▸ **Material supplied**:
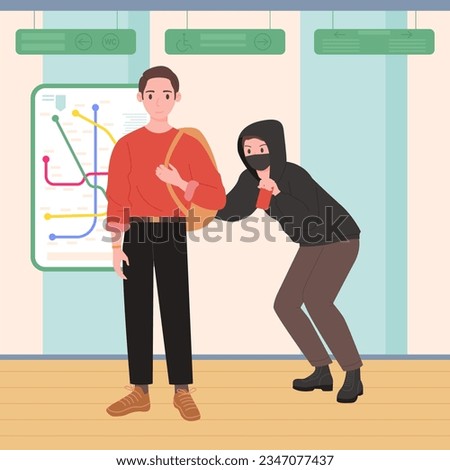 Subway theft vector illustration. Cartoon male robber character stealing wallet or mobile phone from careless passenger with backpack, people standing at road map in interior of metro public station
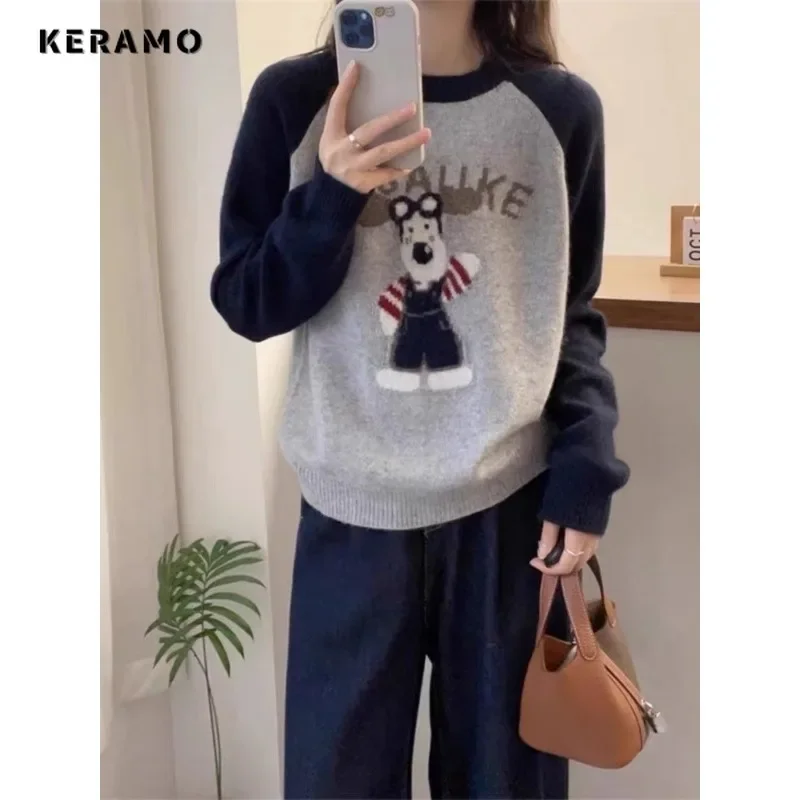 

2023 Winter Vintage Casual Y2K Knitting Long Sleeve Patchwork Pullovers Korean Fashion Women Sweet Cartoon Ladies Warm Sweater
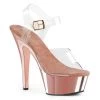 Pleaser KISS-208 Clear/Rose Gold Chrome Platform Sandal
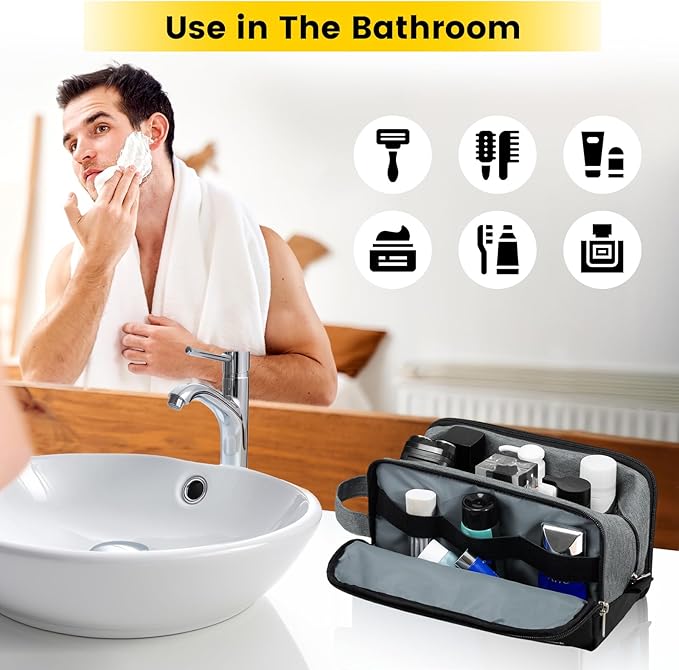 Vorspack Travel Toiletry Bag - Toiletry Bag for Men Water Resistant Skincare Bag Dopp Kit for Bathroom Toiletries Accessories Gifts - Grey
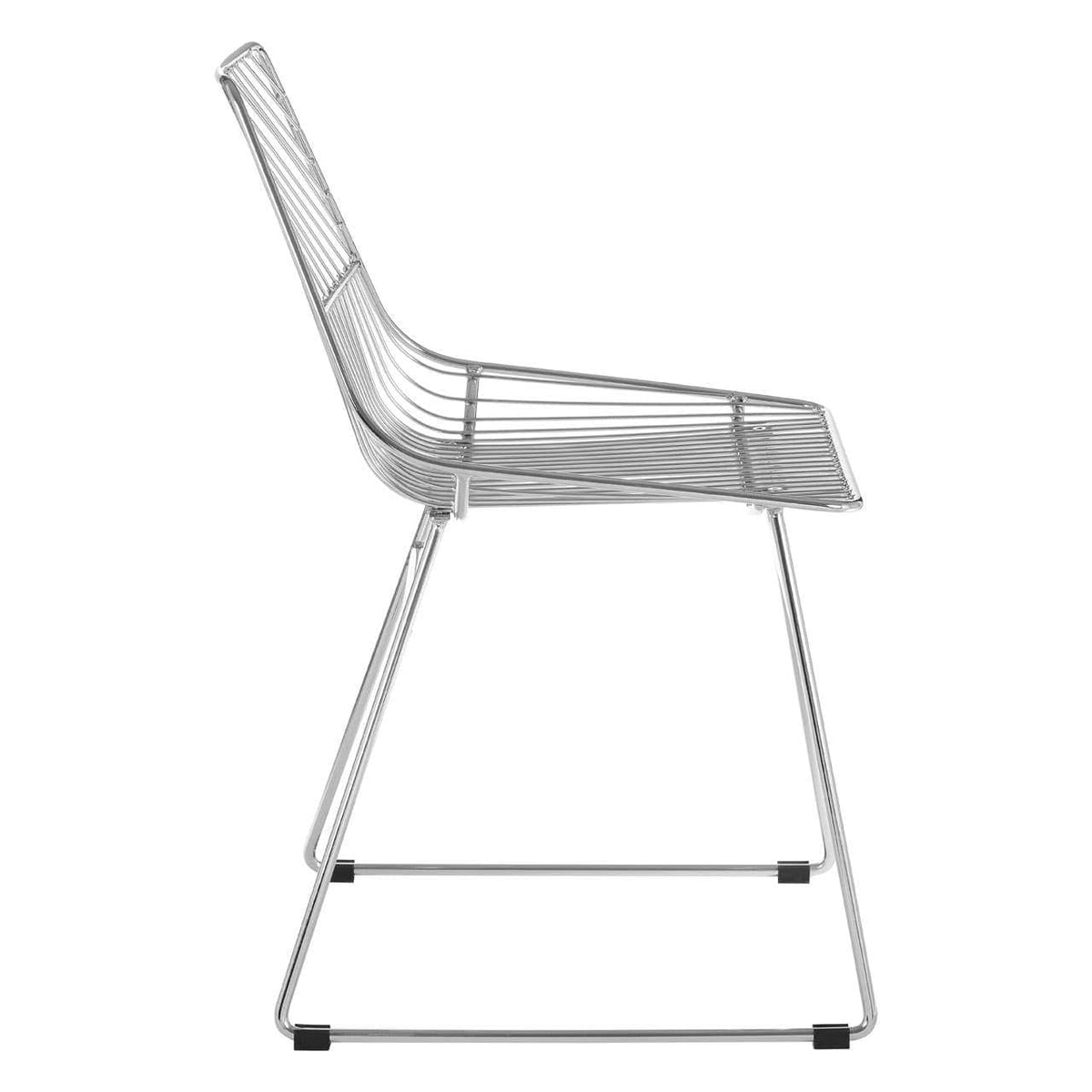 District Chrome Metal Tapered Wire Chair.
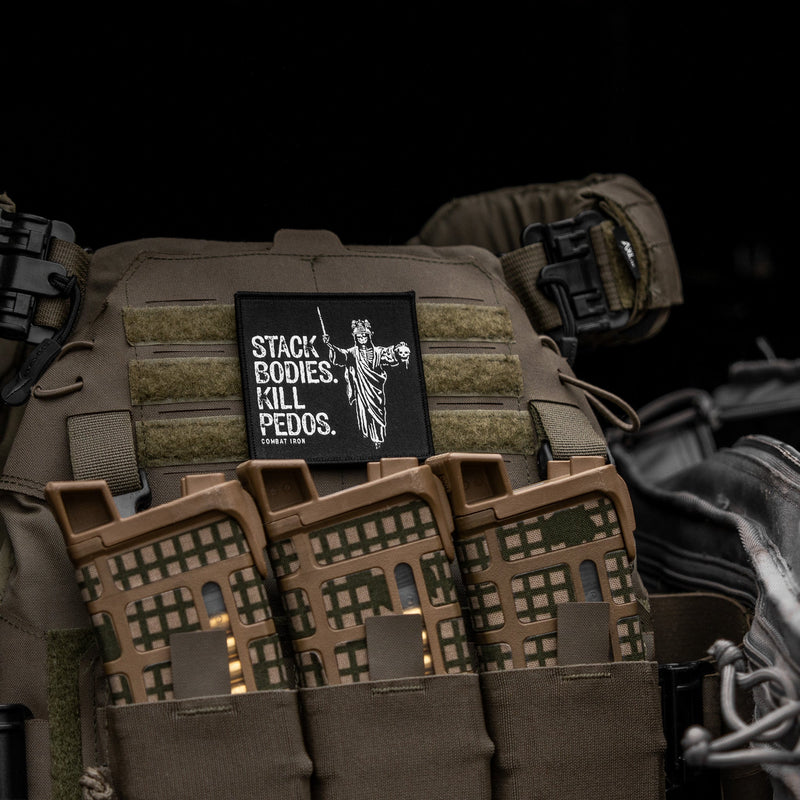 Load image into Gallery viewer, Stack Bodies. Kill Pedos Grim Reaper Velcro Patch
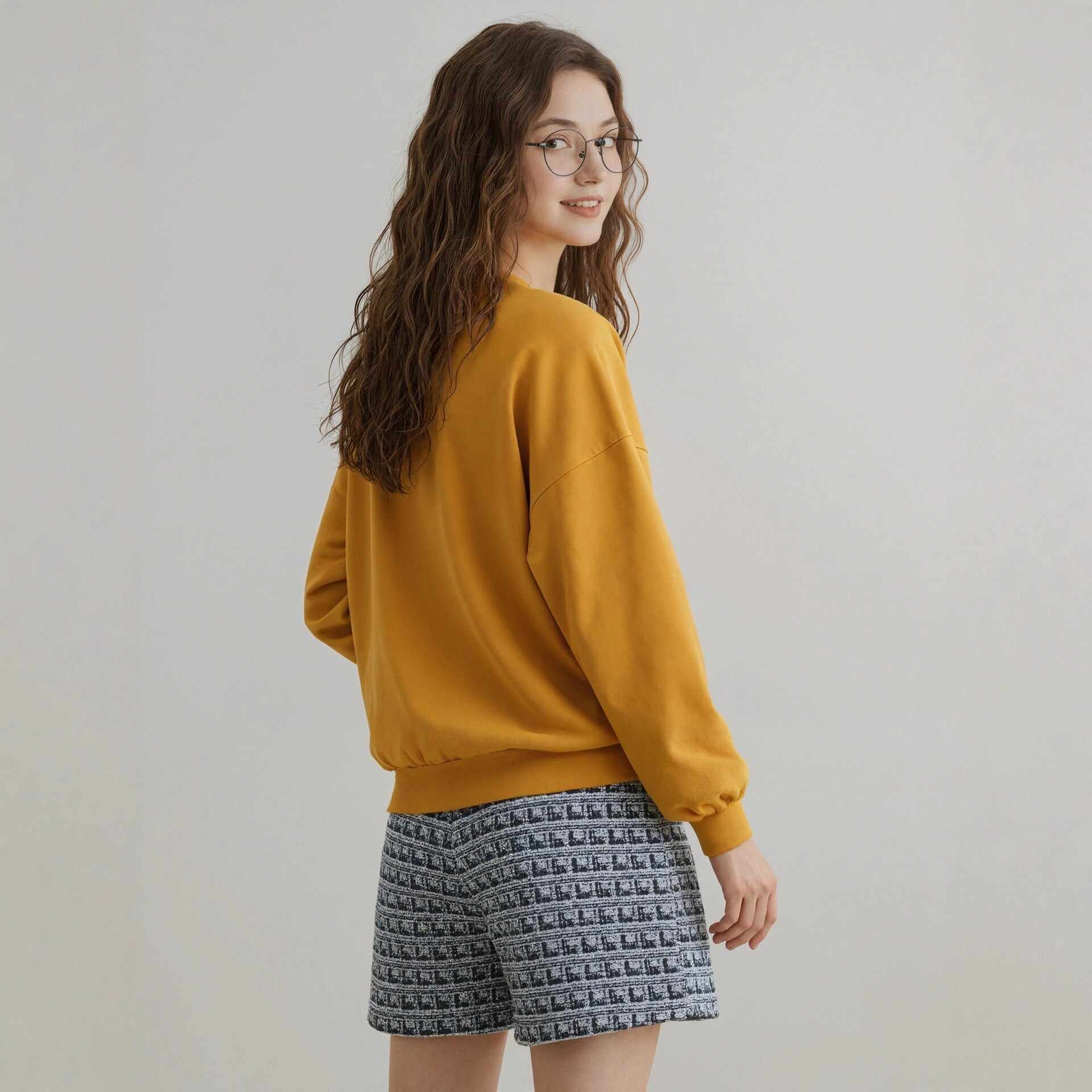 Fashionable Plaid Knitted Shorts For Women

▸ **Assignment**: I'd like the material repeated word for word, without the pictures it holds.

▸ **Reply to the task**:
 Subway theft vector illustration. Cartoon male robber character stealing wallet or mobile phone from careless passenger with backpack, people standing at road map in interior of metro public station

2023 Winter Vintage Casual Y2K Knitting Long Sleeve Patchwork Pullovers Korean Fashion Women Sweet Cartoon Ladies Warm Sweater
 Pleaser KISS-208 Clear/Rose Gold Chrome Platform Sandal
 Vorspack Travel Toiletry Bag - Toiletry Bag for Men Water Resistant Skincare Bag Dopp Kit for Bathroom Toiletries Accessories Gifts - Grey
 District Chrome Metal Tapered Wire Chair.
 Load image into Gallery viewer, Stack Bodies. Kill Pedos Grim Reaper Velcro Patch
 Fashionable Plaid Knitted Shorts For Women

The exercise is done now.